Session 3 - Open Science and Cloud Computing
Openscapes - Julia's presentation:
- (Q:) How can UWG/University collaborators use Openscapes resources
- earthaccess can open cloud or on-premise resources and enables easier access to data from different DAACs by reducing the amount of code needed
- training sessions can include live coding
- this resource aims to be accessible to new users
- Earthdata Cloud Cookbook is a comprehensive resource for cloud computing. It has tutorials, how-to's, instructional videos, access to workshop materials
- Community can contribute to Openscapes via GitHub or Quatro and material on the Openscapes community pages can be edited using the 'Edit this page' link on the right
- Mentors meet twice a month; community can choose 'Join as Mentor' to become an Openscapes mentor
- (Q:) What is/How can researchers determine the range of cost that should be added to proposals for intended cloud implementation and use? (A:) Researchers should run small tests to ensure efficient set-up for intended operations, then run larger test for confirmation. UWG questions remained based on this response, and there was acknowledgement that NASA needs to do more to support cost-estimates and accessibility of cloud compute resources for under-resourced scientists
- AWS has various storage options for building the most efficient system for computing needs
- Google Colabs was suggested as a way to disseminate information to early learners and students
- (Q:) Can Openscapes also help scientists with workflows outside of the cloud? (A:) Yes! Go to About > Resources on the Openscapes website for scenarios or to request that a workflow for a specific application be developed
- (Q:) How will ocssw work in the cloud? Can the user community contribute to developing this?

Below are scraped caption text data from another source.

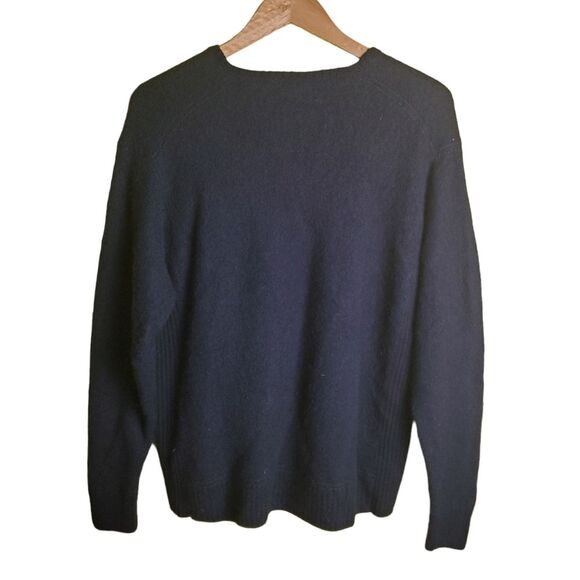 Tommy Bahama Black Wool Blend Sweater Size Medium - Picture 2 of 6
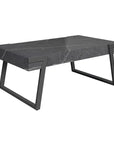 Alpina Grey Marble Effect Coffee Table ALP-6481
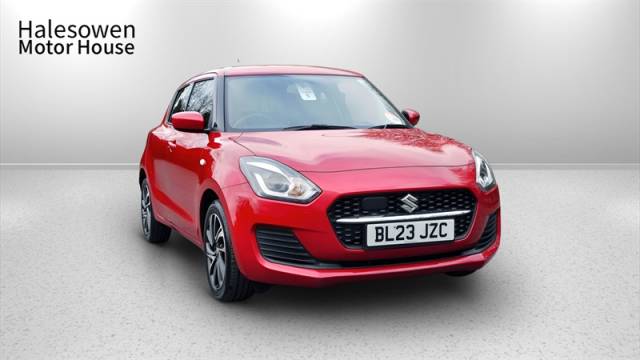 Suzuki Swift 1.2 Dualjet MHEV SZ-L Hatchback 5dr Petrol Hybrid Manual Euro 6 (s/s) (83 ps) Hatchback Hybrid Red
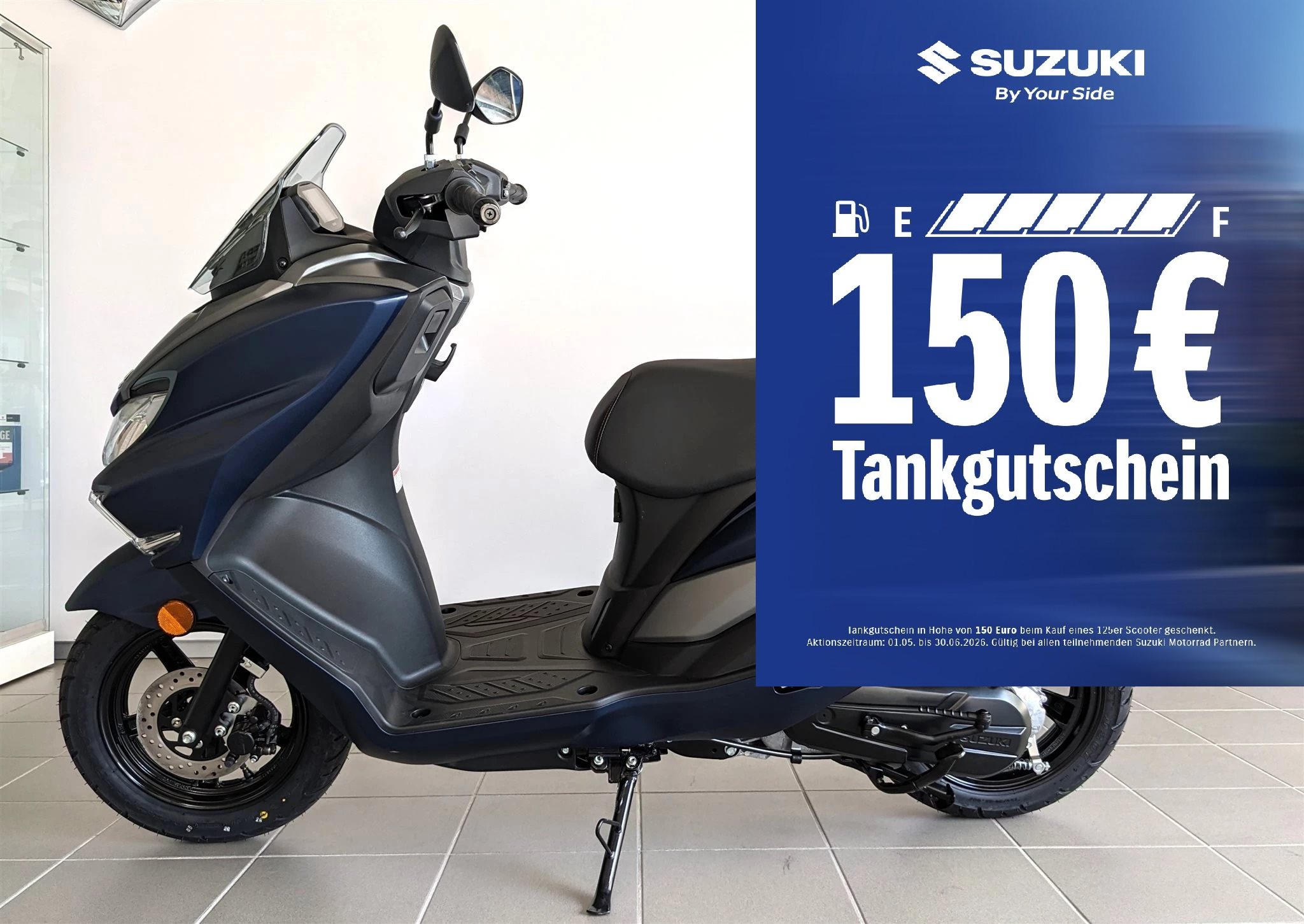 Suzuki Burgman Street 125EX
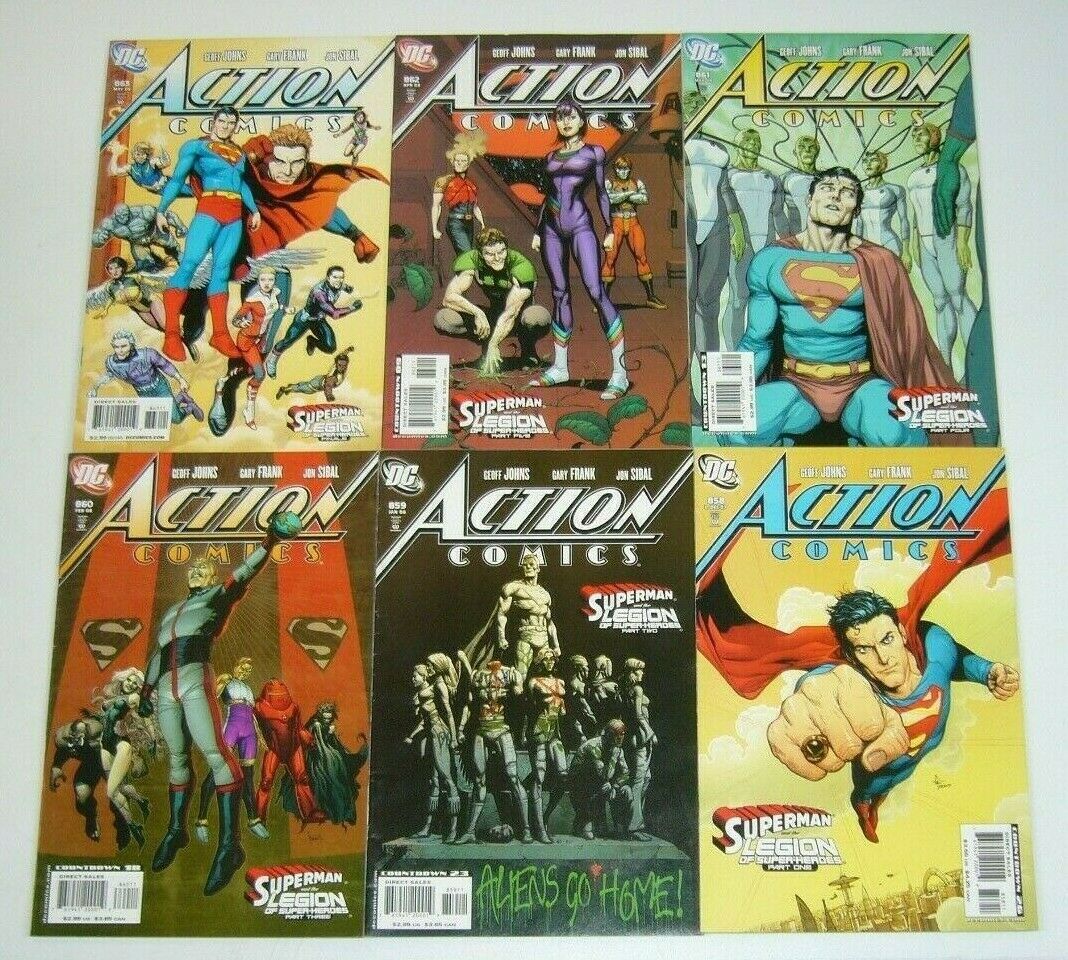 Superman and the Legion of Super-Heroes by Geoff Johns Superman and the Legion of Super-Heroes by Geoff Johns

Cloud Computing - Ian's presentation:
- NASA data are located in AWS Region us-west-2. so users interested in cost savings should plan to create resources to work with this data in the same region.

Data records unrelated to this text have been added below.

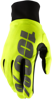 Rukavice 100 PERCENT Hydromatic fluo žlté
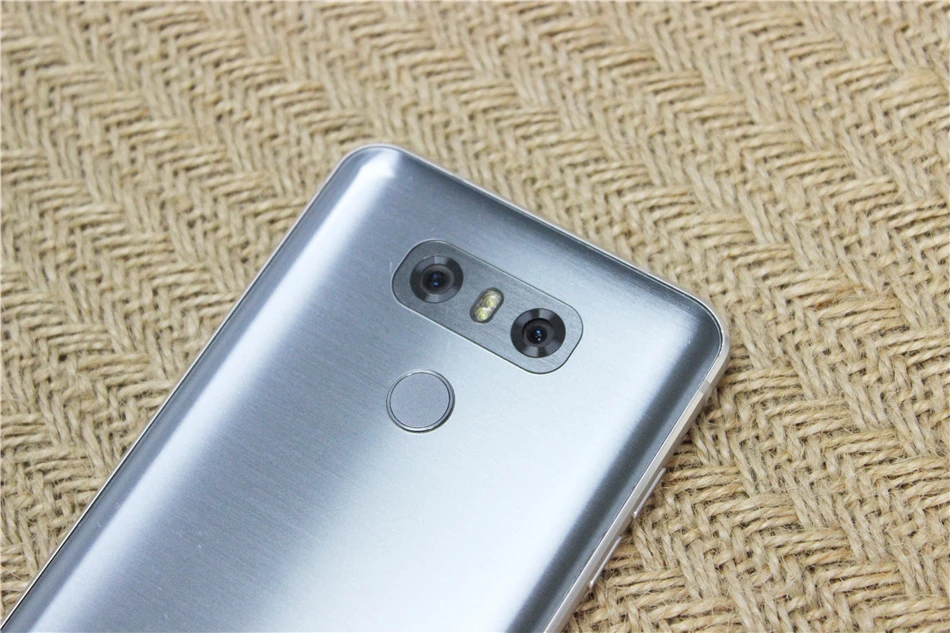 Разблокированный LG G6 четырехъядерный 5,7 дюймов 4 Гб ОЗУ 64 Гб ПЗУ две sim-карты двойная задняя камера 13,0 МП LTE 4G мобильный телефон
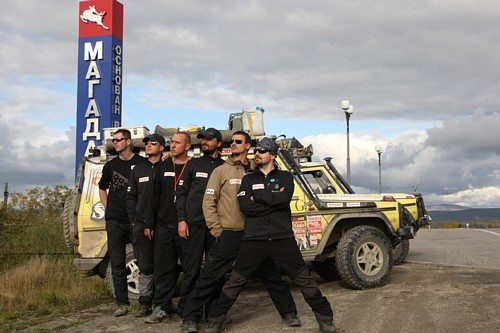 Mercedes G Allegro Syberia Expedition 2009 - Dalej pojechać już się nie da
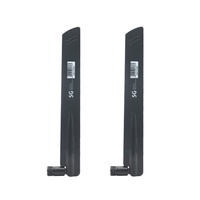 Antenne externe en caoutchouc pour routeur 3G 4G LTE, polarisation verticale flexible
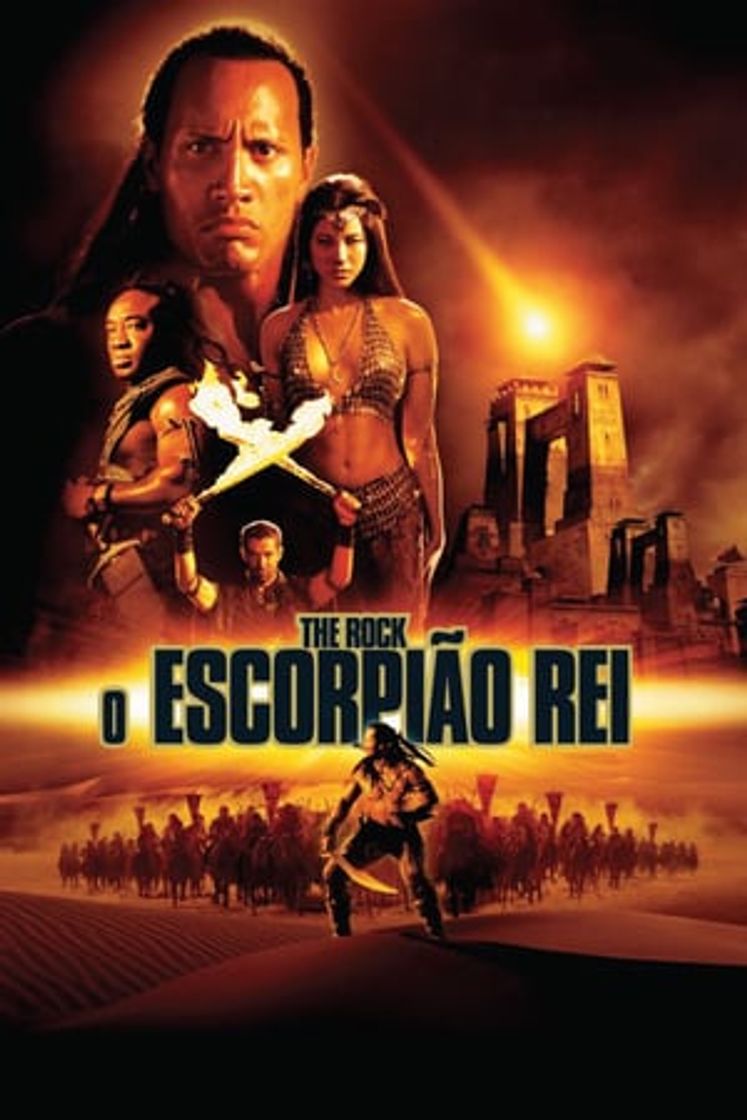 Película El rey escorpión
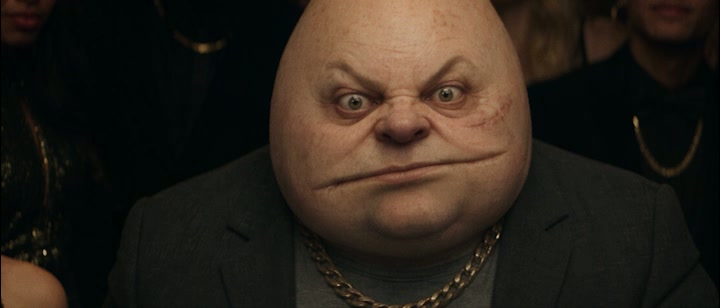All In, and Humpty's Unmoving Face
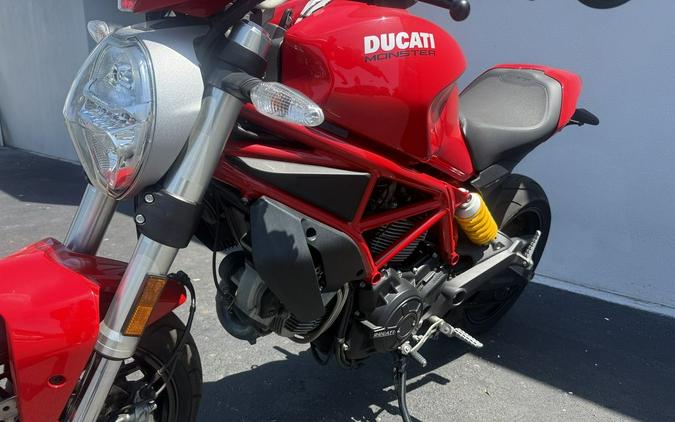 2018 Ducati Monster 797 Plus Red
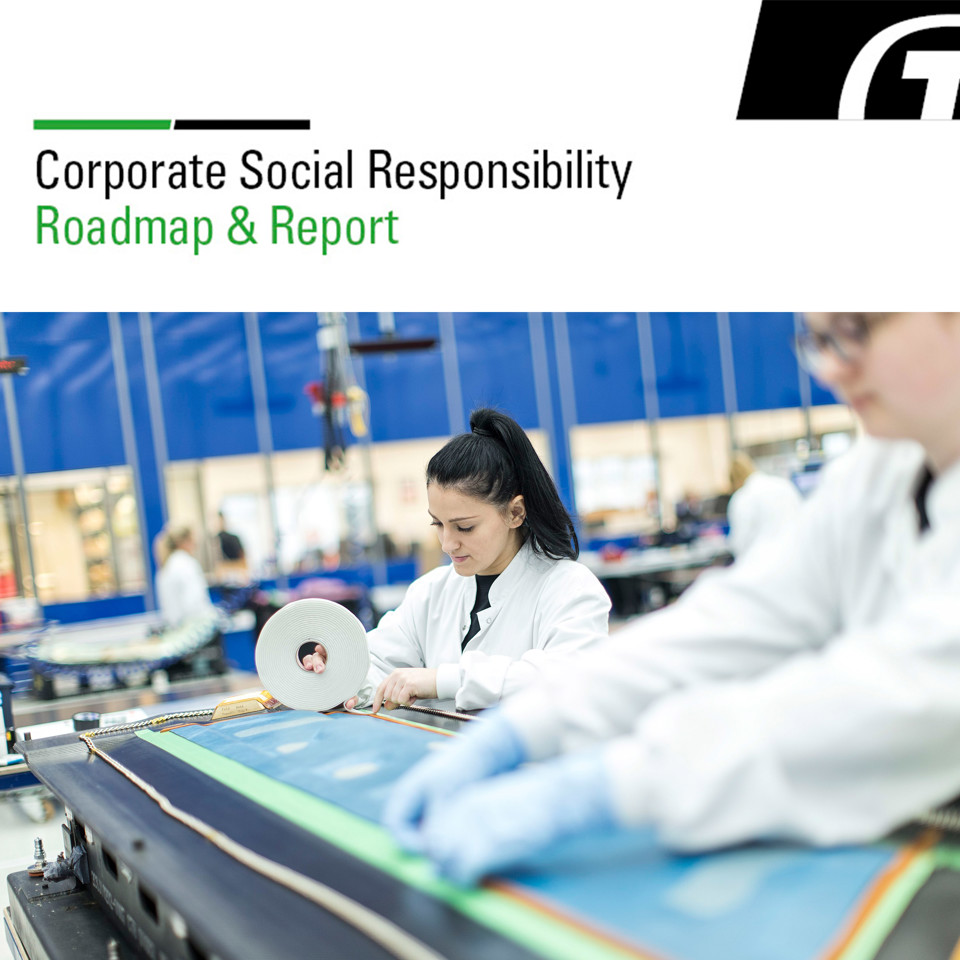 Terma Corporate Social Responsibility report 2020 cover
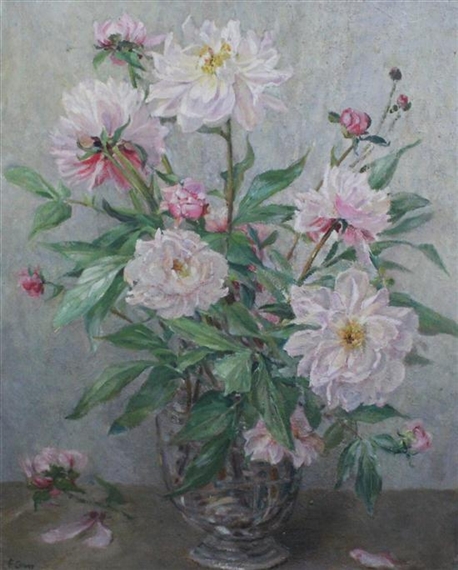 Paeonies by Emily Court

- 3 cloud computing paradigms were discussed
- benefit of using Earthdata Cloud resources - Harmony does processing for you, transformation is supported (netCDF to cloud-optimized zarr, for example)community-supported hubs should be considered as a place for users to cloud compute together
- all should investigate and share any free cloud-computing resources for consideration as longer-term solutions
- DAAC tutorials/notebooks are primarily done in Python. UWG did not feel that was an issue since Python is widely-used, although support of Matlab would increase accessibility of tools to the entire user community
- A question was raised as to whether notebooks can be done using Matlab. Ian replied that you can set up a MatLab instance from JupyterHub (link to Mathworks resource on Openscapes site: https://nasa-openscapes.github.io/earthdata-cloud-cookbook/tutorials/matlab.html), however Matlab is run using JupyterHub so not as efficient as using Python
- It was shared that a tutorial on ocssw will be shared on Ocean Color site soon.

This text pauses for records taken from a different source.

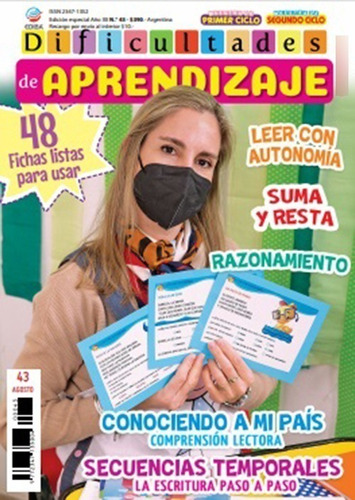 Dificultades Del Aprendizaje Nº 43-agosto 2021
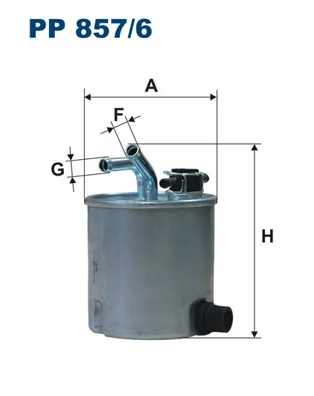 Filtru combustibil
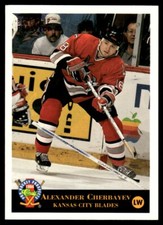 1994-95 Classic Pro Hockey Prospects ALEXANDER CHERBAYEV #194 KC Blades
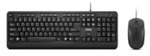 Lenovo 160 Wired Combo - Maus - 1.600 dpiCB - CE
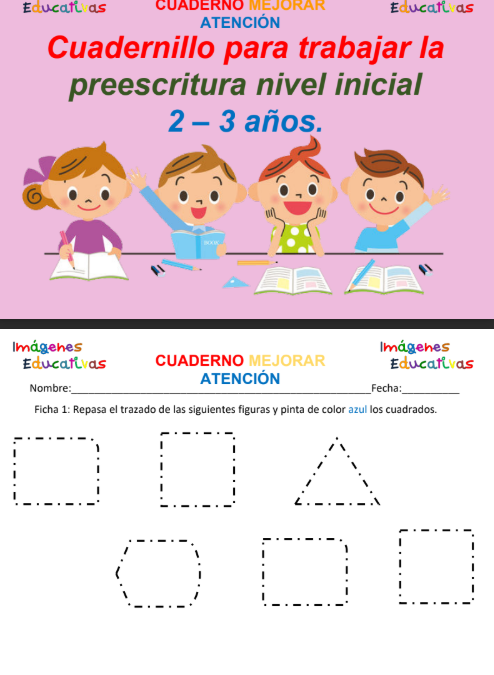 Página del cuadernillo 1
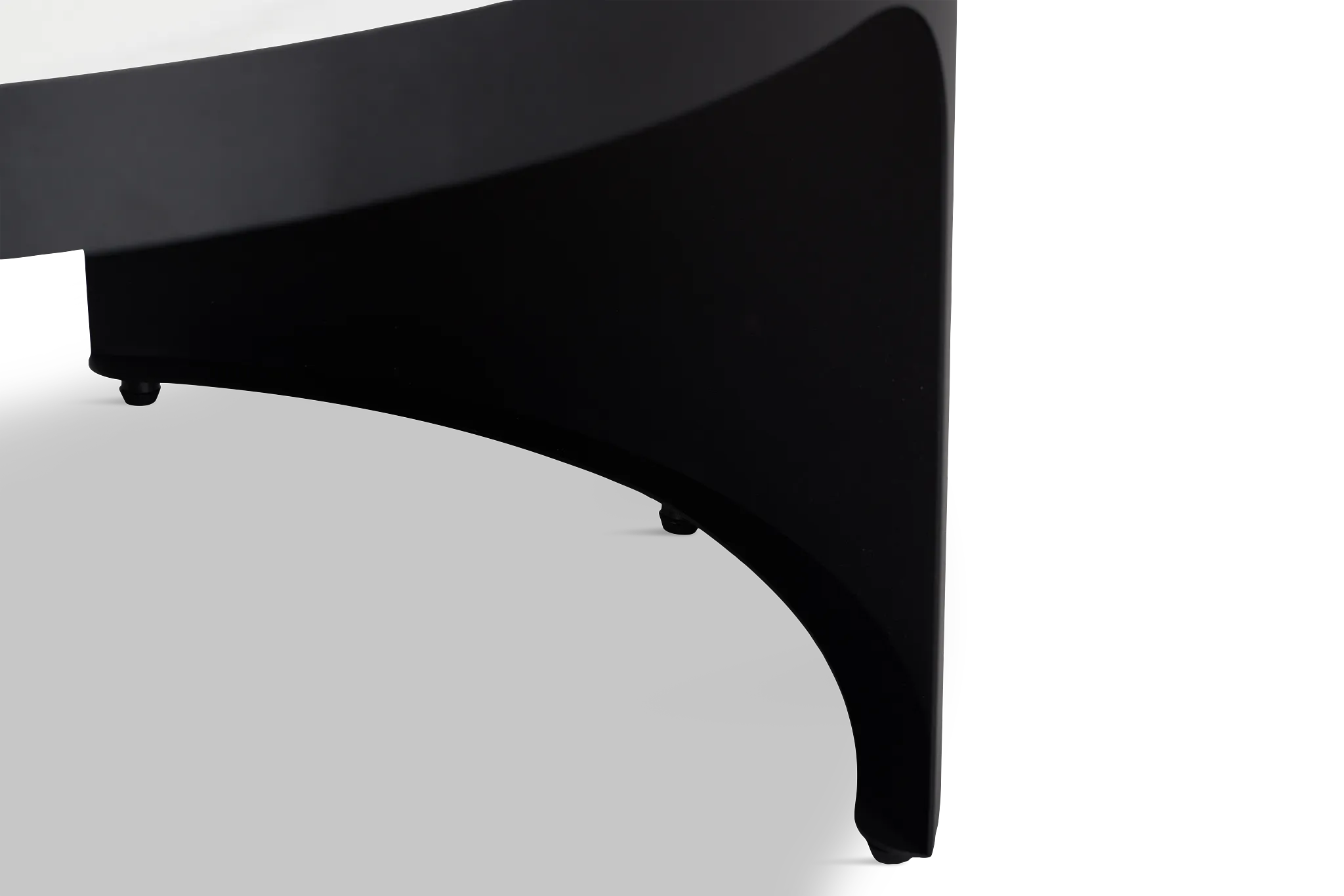 Abel White Round Coffee Table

- (Q:) How do research communities identify the best way to use cloud environment? Who gets billed? Where should accounts be set up? What group can provide a platform and funding for cloud computing environments for researchers?
SeaDAS - Aynur's presentation:
- SeaDAS is exploring integration fo SeaDAS into NASA’s cloud compute environment and what features can/should be offered in the cloud for processing
- PRISM support in ocssw is coming. (Q:) Will AVIRIS be included? David Thompson will work with SeaDAS team on establishing that.
- point of clarification: ocssw is native to Linux, but SeaDAS works on all platforms - Linux, Window, Mac
- It might be useful to find out usage statistics for SeaDAS software to inform which features are most useful to the community, what features to include in upcoming versions vs which features could be sun-setted and to increase usage of existing tools across the user community.
- (Q:) Does SeaDAS plan to add tools for clustering data, data mining, data fusion, NRT data analysis?
- (Action) tutorial requested for 1) running L2gen from command line 2) toggle flags from command line 3) customization of satellite data processing using ocssw; OB.DAAC requested specific examples from UWG to help craft these tutorials.
- UWG asked SeaDAS team what challenges they encountered moving from developing for a sensor like VIIRS to OCI which has more channels (A:) performance issue - slower to process OCI
- en larger requiring more local machine capacity to download and install the software. Size information is available on the SeaDAS website under Downloads > SeaDAS Software Package
- discussion about SeaDAS usage led to compare/contrast with other popular tools like Panoply. While UWG agrees that SeaDAS is much more powerful than a tool like Panoply, they expressed a learning curve for visualization since it just accepts lat/lon. It was suggested that tools like arcGIS may make for a better comparison with SeaDAS in terms of capability/ease of use
- ocssw and SeaDAS aren't frequently used together
- in-situ data can be matched up in SeaDAS, but the data must have a header in order for SeaDAS to be able to use it
- UWG question - Are there too many tools where there could be more collaboration on one tool? Is Openscapes the best place to converge on identifying/developing one tool?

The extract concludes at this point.